#### GIVEN MATERIAL
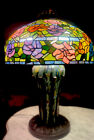 Tiffany Style Stained Glass Lamp with Large Mosaic Base Pigtail Cap Reproduction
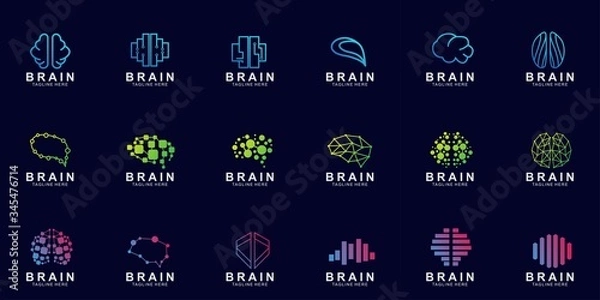 Obraz Set of Brain logo creative design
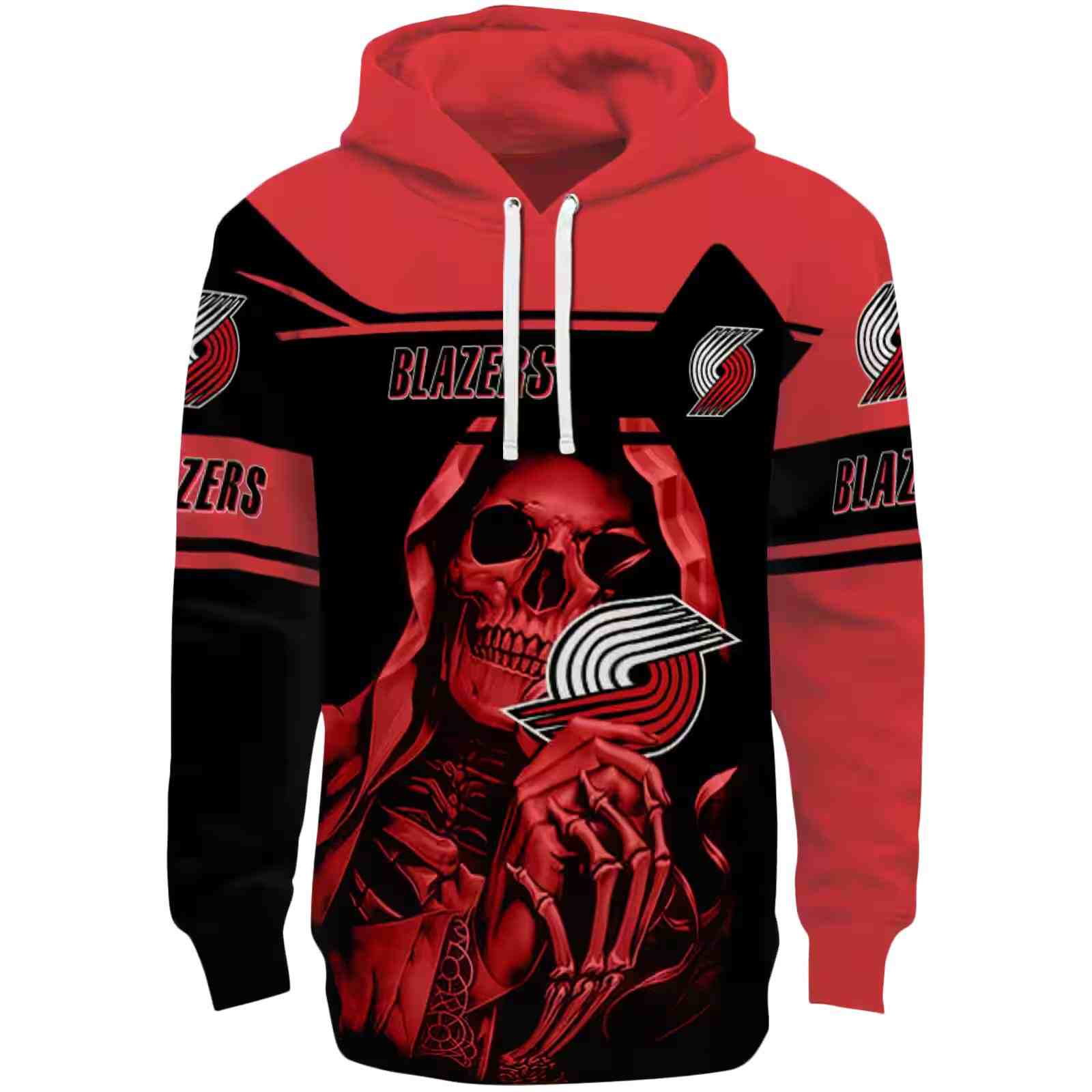 Custom Portland Trail Blazers Grim Reaper Red Black Hoodie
########
* INSTRUCTIONS TO FOLLOW *
With the pictures excluded, retype exactly the lines from the one containing "Obraz Set of Brain logo creative design" through the last line of the listing, both ends included.

* TASK RESPONSE *
 Obraz Set of Brain logo creative design
 Custom Portland Trail Blazers Grim Reaper Red Black Hoodie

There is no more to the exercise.